Prompt:
Give back every record exactly, images excluded.

Data listing:
————

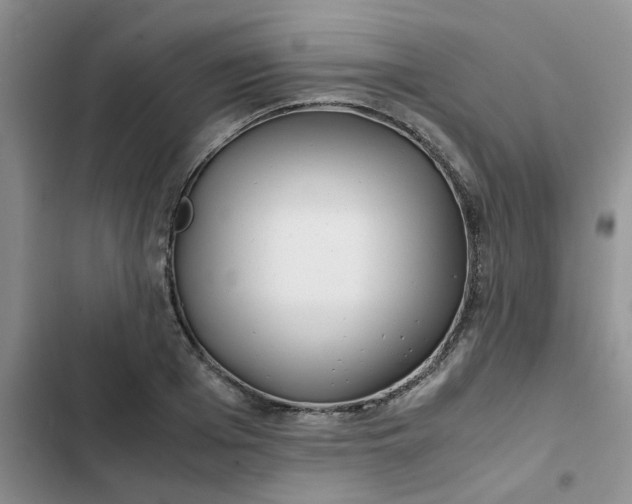X0000102510985200808221813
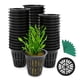 thumbnail image 1 of Vasos de malla ranurada Net Pot GROWNEER de 2 pulgadas para jardín (50 unidades), 1 of 7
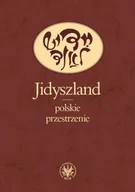 Podręczniki dla szkół wyższych - Jidyszland - Polskie Przestrzenie - miniaturka - grafika 1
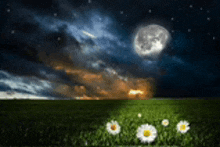 the moon is shining brightly over a field of daisies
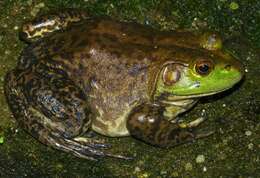 Image of American Bullfrog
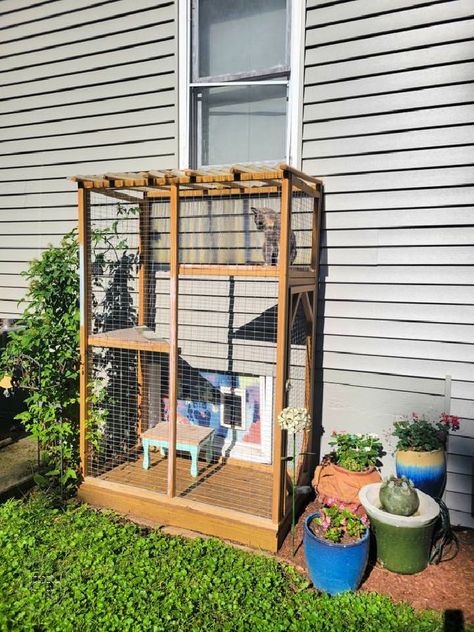 Outdoor Cage For Cats, Cat Window Box Outdoor, Camper Catio Ideas, Small Cat Patio, Cat Patio Diy How To Build, Ikea Catio Hacks, Diy Catios For Cats Easy, Outdoor Cat Enclosure Attached To House, Catio Attached To House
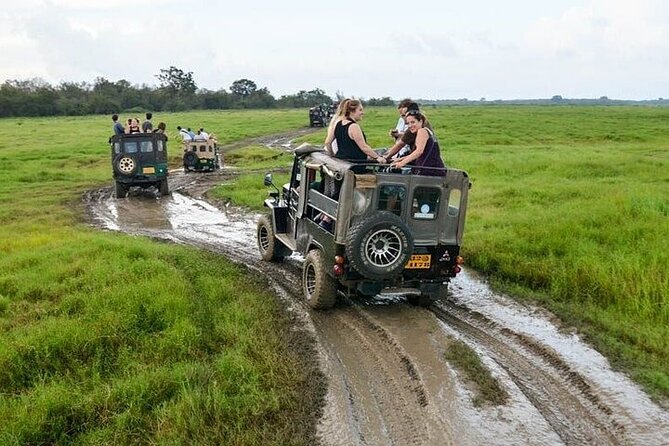 Wilpattu National Park Jeep Safari from Negombo / Waikkal (All Inclusive) - Should You Book This All-Inclusive Wilpattu Safari?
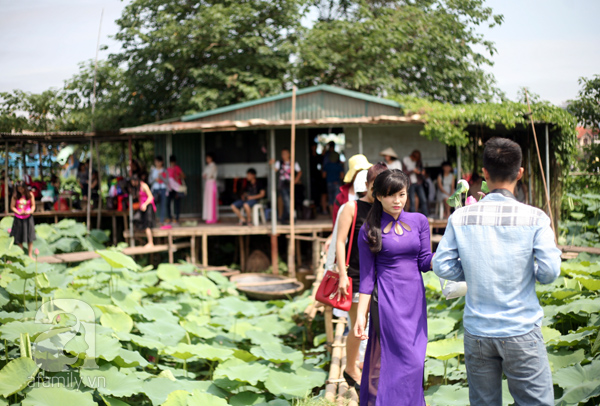 chụp sen hồ tây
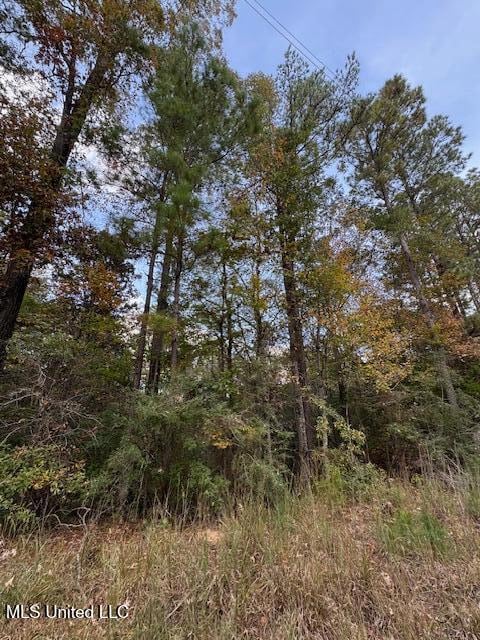 0 Coons Mill Rd, Centreville, MS 39631 - photo 2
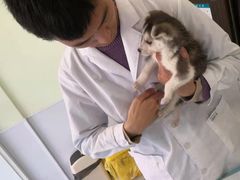 -艾吉宠物医院·疑难杂症转诊中心·猫友好(碧江路院)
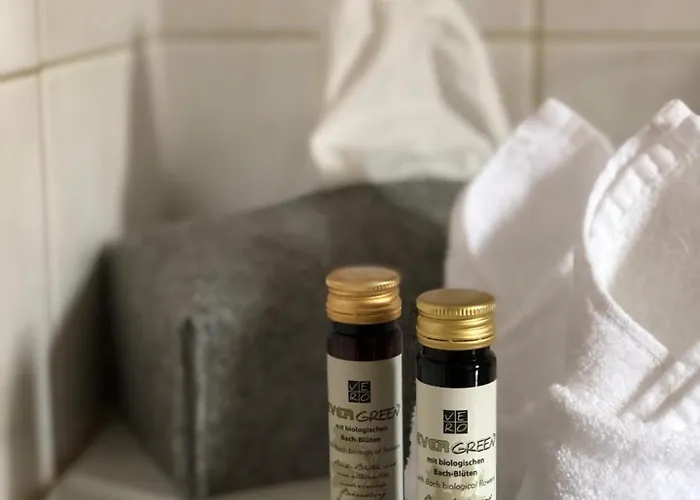 Schorta's Alvetern - Boutique 3* Ardez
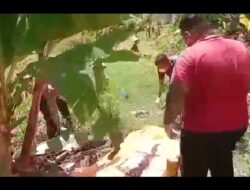 Petugas Evakuasi Sesosok Mayat di Bawah Pohon Pisang, Ketapang, Banyuwangi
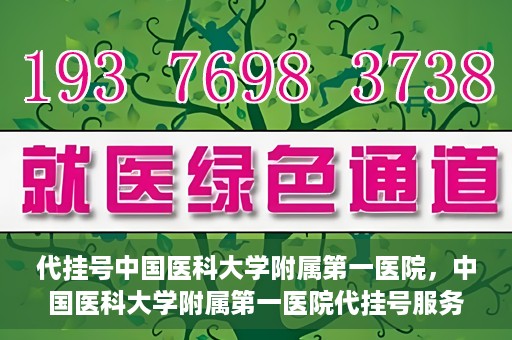 代挂号中国医科大学附属第一医院，中国医科大学附属第一医院代挂号服务详解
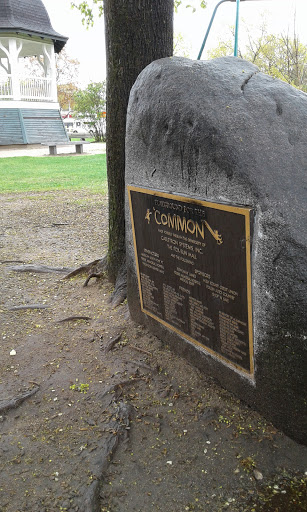 Playground For The Common Dedication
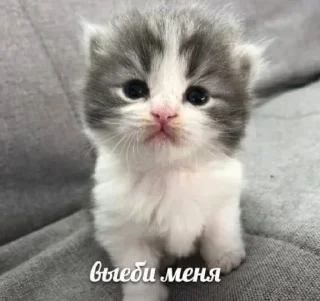 Стикер Лучьше стикеры - @lovesticers - 11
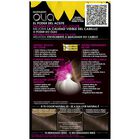 Tinte de cabello sin amoníaco Garnier Olia nº 5 castaño claro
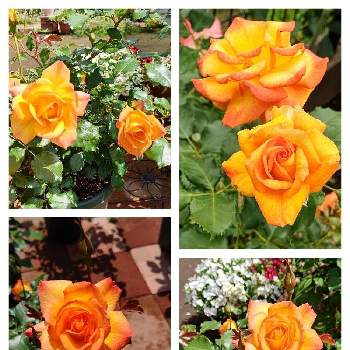 美しい薔薇の画像 by はっぴーさん | 小さな庭とばら バラ 薔薇とバラ大好きときれいなお花と美しい薔薇とお花に癒される日々とサハラ98と花のある暮らしと綺麗なお庭にしたい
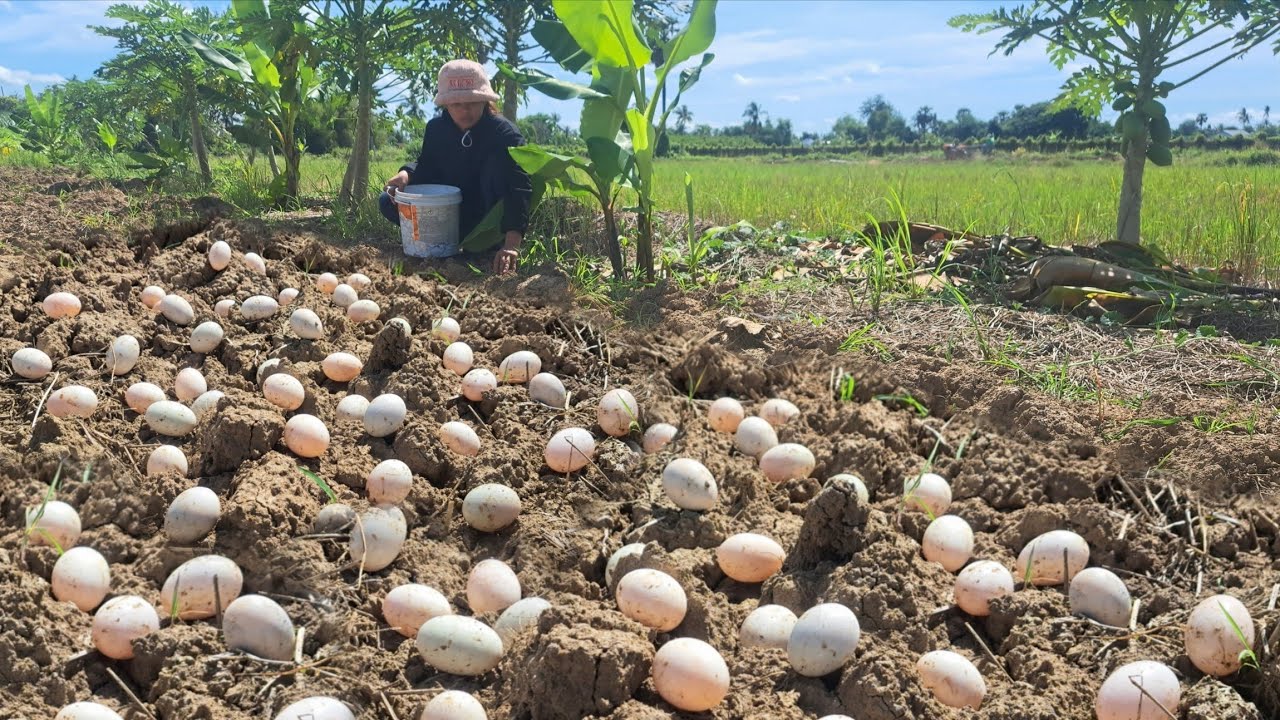 wow best videos - pick a lot of duck eggs under bamboo tree at field by hand a farmer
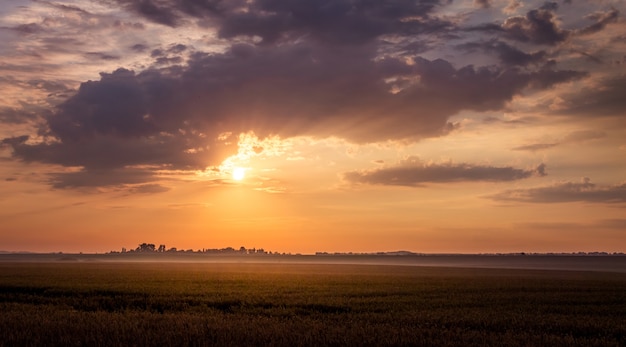 Scenic dark sky during the sunset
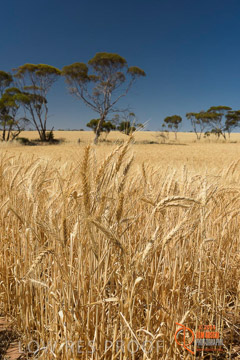VITERRA 2013 / HARVESTING_DANIELS_194_141121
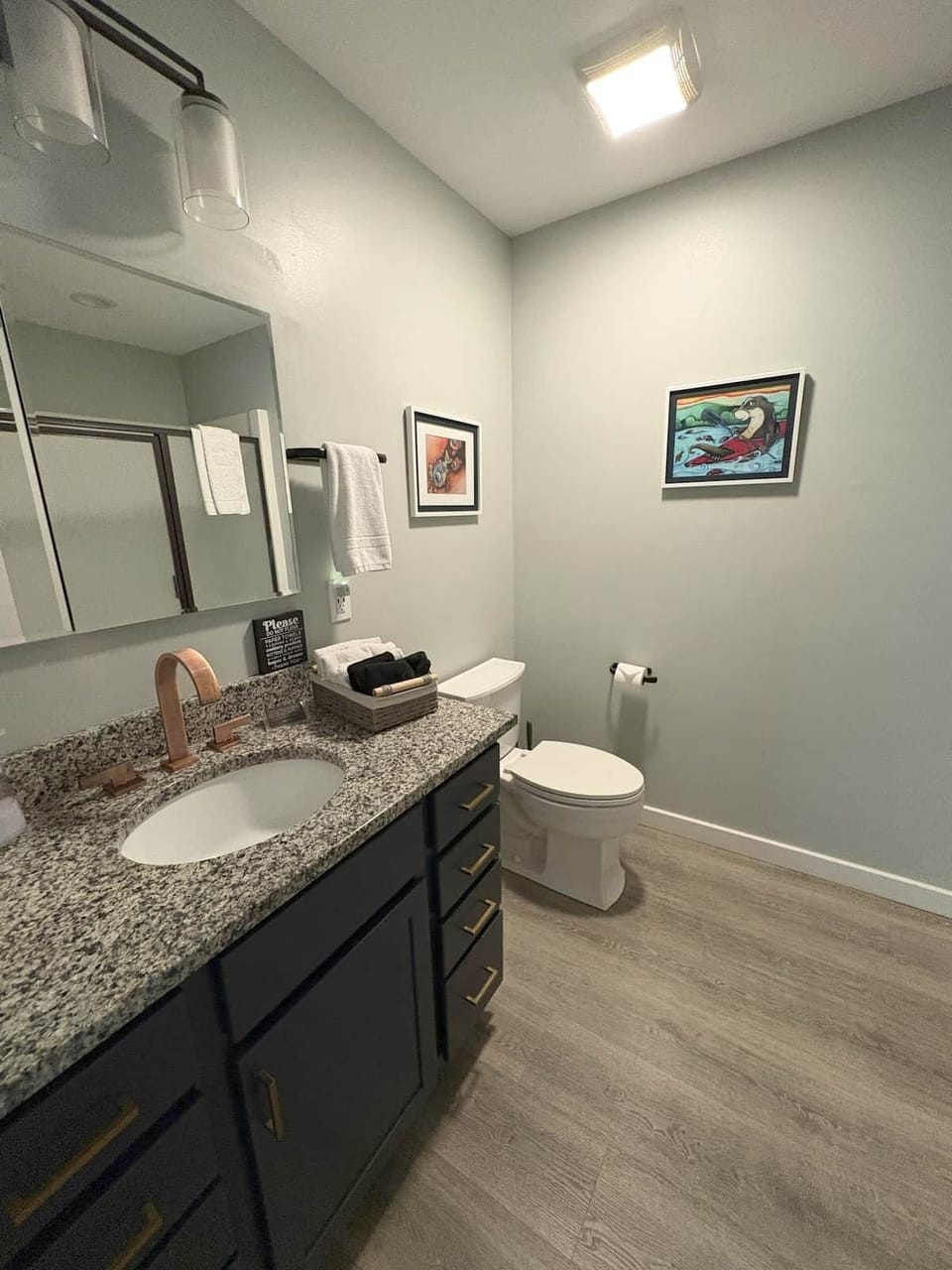 Full Bathroom downstairs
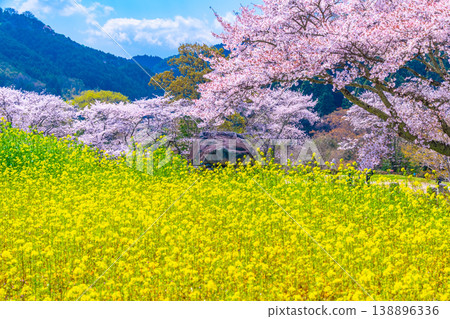 石舞台古墓的櫻花和油菜花 138896336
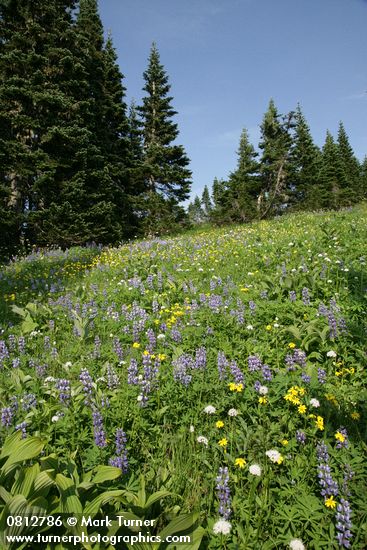 Lupinus latifolius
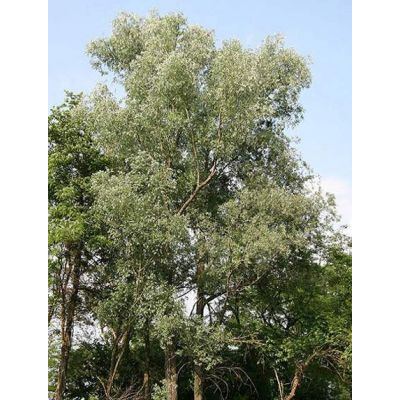 Salix alba L. 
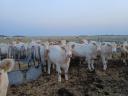 Eladó 75 db növendék üsző – magyartarka és charolais húsmarha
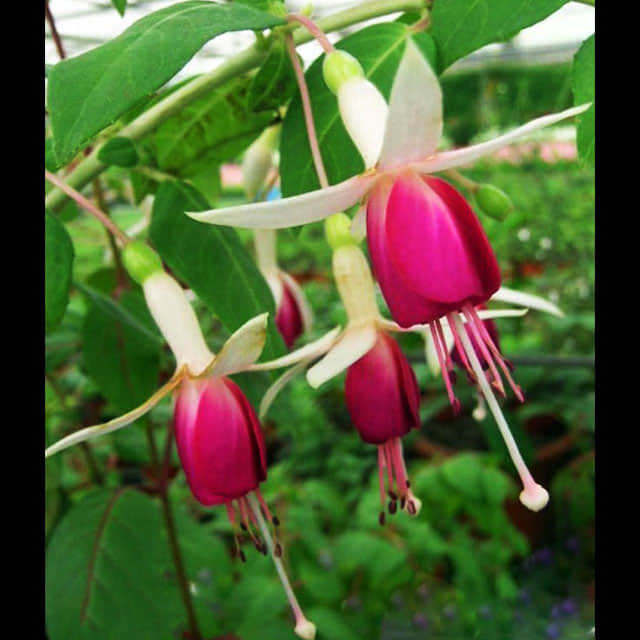 Fuchsia magellanica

————

Exercise answer:
X0000102510985200808221813
 thumbnail image 1 of Vasos de malla ranurada Net Pot GROWNEER de 2 pulgadas para jardín (50 unidades), 1 of 7
 Podręczniki dla szkół wyższych - Jidyszland - Polskie Przestrzenie - miniaturka - grafika 1
 the moon is shining brightly over a field of daisies
 Image of American Bullfrog
 Outdoor Cage For Cats, Cat Window Box Outdoor, Camper Catio Ideas, Small Cat Patio, Cat Patio Diy How To Build, Ikea Catio Hacks, Diy Catios For Cats Easy, Outdoor Cat Enclosure Attached To House, Catio Attached To House
 Wilpattu National Park Jeep Safari from Negombo / Waikkal (All Inclusive) - Should You Book This All-Inclusive Wilpattu Safari?
 chụp sen hồ tây
 0 Coons Mill Rd, Centreville, MS 39631 - photo 2
 -艾吉宠物医院·疑难杂症转诊中心·猫友好(碧江路院)
 Schorta's Alvetern - Boutique 3* Ardez
 Petugas Evakuasi Sesosok Mayat di Bawah Pohon Pisang, Ketapang, Banyuwangi
 代挂号中国医科大学附属第一医院，中国医科大学附属第一医院代挂号服务详解
 Playground For The Common Dedication
 Стикер Лучьше стикеры - @lovesticers - 11
 Tinte de cabello sin amoníaco Garnier Olia nº 5 castaño claro
 美しい薔薇の画像 by はっぴーさん | 小さな庭とばら バラ 薔薇とバラ大好きときれいなお花と美しい薔薇とお花に癒される日々とサハラ98と花のある暮らしと綺麗なお庭にしたい
 wow best videos - pick a lot of duck eggs under bamboo tree at field by hand a farmer
 Scenic dark sky during the sunset
VITERRA 2013 / HARVESTING_DANIELS_194_141121
 Full Bathroom downstairs
 石舞台古墓的櫻花和油菜花 138896336
 Lupinus latifolius
 Salix alba L. 
 Eladó 75 db növendék üsző – magyartarka és charolais húsmarha
 Fuchsia magellanica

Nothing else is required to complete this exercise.